At Temple, Tex., a plot of Houston clay soil with a 2-percent slope cropped annually to corn for 11 years lost 8.8 percent of the precipitation and 22.72 tons of soil an acre a year. Adjacent land in Bermuda grass lost only a trace of water and soil. When oats followed the corn, 13.4 percent of the precipitation ran off and annual soil loss per acre averaged 2.06 tons.

The runoff and erosion from a 7.7-percent slope of virgin Stephensonville fine sandy loam cropped to a rotation of cotton-wheat-sweetclover at Guthrie, Okla., were compared with those from adjacent plots where cotton was grown annually. The water losses were 9.29 percent and 11.35 percent, respectively. The annual soil losses from the land in cotton averaged 4.4 times as great as those from the land in rotation. Percentages of water lost from areas in cotton, wheat, and sweetclover averaged 10.07, 11.55, and 6.25; annual soil losses averaged 9.04, 1.69, and 0.52 tons an acre. Soil loss from cotton in rotation was only a little more than half that from annual cotton. Here again the results clearly show the value of wheat and legumes in a rotation in retarding loss of soil.

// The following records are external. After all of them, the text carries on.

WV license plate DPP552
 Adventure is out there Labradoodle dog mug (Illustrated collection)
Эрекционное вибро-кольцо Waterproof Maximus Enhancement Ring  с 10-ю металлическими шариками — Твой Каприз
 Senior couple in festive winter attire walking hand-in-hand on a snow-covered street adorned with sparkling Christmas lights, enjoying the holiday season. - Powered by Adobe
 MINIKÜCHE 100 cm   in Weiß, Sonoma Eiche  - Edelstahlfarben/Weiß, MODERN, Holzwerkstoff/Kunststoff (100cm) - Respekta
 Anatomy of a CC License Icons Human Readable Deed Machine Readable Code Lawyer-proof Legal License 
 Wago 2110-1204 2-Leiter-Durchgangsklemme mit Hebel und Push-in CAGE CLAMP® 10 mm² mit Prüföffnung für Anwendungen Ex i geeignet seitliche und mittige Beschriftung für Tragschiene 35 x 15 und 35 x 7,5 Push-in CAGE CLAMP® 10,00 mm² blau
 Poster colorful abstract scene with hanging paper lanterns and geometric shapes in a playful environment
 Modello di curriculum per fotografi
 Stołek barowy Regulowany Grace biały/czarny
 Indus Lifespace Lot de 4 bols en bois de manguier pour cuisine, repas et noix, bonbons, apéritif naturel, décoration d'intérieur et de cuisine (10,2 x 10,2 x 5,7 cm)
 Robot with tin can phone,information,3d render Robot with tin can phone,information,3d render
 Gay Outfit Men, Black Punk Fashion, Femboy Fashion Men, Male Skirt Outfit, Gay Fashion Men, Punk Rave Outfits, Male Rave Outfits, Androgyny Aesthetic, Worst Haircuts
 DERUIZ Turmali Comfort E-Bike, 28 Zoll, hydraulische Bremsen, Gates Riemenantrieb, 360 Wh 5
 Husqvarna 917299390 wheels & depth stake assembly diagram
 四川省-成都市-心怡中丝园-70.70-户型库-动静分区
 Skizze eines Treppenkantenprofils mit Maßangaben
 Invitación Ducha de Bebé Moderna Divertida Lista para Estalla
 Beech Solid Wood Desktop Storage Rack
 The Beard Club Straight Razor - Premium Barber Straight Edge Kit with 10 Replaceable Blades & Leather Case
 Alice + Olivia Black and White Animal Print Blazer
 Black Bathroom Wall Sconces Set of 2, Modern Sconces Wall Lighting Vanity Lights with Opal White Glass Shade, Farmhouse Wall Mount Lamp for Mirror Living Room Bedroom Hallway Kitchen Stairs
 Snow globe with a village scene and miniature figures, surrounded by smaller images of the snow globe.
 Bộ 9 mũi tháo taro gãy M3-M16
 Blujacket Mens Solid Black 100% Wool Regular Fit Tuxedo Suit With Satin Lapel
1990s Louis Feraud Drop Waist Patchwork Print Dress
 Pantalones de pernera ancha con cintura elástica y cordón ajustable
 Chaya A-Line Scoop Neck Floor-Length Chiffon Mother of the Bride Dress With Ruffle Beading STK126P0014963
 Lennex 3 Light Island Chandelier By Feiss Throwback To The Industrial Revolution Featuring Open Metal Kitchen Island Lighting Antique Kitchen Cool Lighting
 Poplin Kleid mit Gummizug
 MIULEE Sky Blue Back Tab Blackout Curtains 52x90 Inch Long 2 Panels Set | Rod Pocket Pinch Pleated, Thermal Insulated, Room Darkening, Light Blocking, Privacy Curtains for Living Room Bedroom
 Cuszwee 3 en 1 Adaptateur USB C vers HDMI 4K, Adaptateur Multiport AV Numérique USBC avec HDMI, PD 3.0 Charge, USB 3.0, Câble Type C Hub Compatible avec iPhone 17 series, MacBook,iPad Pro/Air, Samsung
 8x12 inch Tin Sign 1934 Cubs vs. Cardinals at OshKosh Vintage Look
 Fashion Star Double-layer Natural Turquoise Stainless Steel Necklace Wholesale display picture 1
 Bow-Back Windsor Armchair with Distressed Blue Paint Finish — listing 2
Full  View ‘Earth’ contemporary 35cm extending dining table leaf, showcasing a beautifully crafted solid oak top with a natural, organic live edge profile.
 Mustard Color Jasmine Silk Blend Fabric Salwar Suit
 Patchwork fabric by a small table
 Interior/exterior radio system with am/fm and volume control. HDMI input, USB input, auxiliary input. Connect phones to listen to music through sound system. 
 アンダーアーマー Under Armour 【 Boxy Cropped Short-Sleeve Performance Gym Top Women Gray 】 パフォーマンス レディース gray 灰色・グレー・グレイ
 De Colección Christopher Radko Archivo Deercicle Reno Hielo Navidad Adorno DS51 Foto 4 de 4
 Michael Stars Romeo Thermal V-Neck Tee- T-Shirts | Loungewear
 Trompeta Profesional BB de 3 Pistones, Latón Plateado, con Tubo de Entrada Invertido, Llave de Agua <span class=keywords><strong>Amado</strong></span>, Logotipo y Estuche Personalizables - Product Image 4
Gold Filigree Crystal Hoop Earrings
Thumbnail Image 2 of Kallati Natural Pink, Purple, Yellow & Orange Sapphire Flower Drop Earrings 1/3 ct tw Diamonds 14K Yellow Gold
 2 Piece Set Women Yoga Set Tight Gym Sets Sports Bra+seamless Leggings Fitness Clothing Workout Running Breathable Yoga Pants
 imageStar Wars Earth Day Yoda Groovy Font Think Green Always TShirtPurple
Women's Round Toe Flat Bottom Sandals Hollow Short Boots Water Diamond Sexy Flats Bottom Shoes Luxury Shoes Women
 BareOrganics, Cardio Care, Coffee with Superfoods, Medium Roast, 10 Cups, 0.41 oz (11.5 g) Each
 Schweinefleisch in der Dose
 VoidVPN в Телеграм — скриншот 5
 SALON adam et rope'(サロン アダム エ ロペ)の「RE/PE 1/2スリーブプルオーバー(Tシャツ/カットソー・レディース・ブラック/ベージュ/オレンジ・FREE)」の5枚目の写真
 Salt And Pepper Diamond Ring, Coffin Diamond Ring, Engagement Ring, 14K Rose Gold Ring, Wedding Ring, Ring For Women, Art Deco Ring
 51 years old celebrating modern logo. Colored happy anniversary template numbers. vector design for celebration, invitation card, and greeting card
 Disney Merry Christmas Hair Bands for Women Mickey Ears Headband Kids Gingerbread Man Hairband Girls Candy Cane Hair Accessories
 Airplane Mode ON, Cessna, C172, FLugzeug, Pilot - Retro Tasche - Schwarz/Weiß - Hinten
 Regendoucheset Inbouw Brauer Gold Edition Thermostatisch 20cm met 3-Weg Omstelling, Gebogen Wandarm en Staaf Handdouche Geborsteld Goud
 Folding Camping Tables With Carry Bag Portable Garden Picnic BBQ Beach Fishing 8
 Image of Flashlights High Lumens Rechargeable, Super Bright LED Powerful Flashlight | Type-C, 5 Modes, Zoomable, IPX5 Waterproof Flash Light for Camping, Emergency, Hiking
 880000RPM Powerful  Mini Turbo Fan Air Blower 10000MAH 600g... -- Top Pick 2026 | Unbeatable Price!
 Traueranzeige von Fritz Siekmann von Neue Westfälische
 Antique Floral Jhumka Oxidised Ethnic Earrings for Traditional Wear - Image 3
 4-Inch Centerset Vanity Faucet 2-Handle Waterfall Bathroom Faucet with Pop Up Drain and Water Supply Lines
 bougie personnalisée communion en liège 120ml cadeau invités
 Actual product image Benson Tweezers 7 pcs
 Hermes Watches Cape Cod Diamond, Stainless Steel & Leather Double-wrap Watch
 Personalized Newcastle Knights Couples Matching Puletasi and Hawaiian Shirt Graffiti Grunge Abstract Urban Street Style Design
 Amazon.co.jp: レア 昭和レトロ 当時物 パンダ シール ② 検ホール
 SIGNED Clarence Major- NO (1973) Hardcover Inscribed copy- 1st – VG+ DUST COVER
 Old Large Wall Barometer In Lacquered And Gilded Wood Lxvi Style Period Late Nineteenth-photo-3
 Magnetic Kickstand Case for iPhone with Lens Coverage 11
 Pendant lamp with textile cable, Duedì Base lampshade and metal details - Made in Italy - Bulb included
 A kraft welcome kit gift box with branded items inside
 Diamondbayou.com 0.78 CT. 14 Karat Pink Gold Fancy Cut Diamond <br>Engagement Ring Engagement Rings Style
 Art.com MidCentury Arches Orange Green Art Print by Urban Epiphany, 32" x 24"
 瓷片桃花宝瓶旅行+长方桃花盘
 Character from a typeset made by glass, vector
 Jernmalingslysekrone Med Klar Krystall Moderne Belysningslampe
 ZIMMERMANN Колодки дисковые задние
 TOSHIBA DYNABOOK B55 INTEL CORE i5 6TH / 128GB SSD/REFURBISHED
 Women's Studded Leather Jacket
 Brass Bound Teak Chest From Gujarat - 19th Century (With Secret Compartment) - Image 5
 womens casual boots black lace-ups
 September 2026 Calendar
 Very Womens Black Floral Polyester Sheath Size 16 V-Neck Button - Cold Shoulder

Near Zanesville, Ohio, in 1934-42, the runoff from land in a 4-year rotation was only half that from land cropped continuously to corn, and the soil loss was less than one-seventh as great.

Similar results were obtained on Marshall silt loam near Clarinda, Iowa. In the 10 years 1933-42, land cropped annually to corn lost 2.3 times as much of the precipitation and 5.32 times as much soil as land in a 3-year rotation of corn-oats-clover. Low runoff and only a trace of soil loss were recorded for plots in alfalfa and bluegrass. A marked cumulative influence of these two crops in reducing erosion became evident when the land was plowed and planted to corn.

Investigations on many farms in different sections of the Corn Belt have yielded evidence as to how type of cropping and farm cultural practices affect depth of topsoil and, consequently, yield of corn. Loss of topsoil through erosion from fields under different cropping systems and from different locations within a field was clearly reflected in crop yields.

You will note that where practically all the topsoil was gone the yield of corn to the acre averaged much less than half of what it was where 7 to 8 inches of topsoil remained and less than a third of what it was where the topsoil was 11 to 12 inches deep. Similar results were obtained in other studies near Fowler, at Coshocton, Ohio, at Bethany, Mo., and at Shenandoah and Greenfield, Iowa.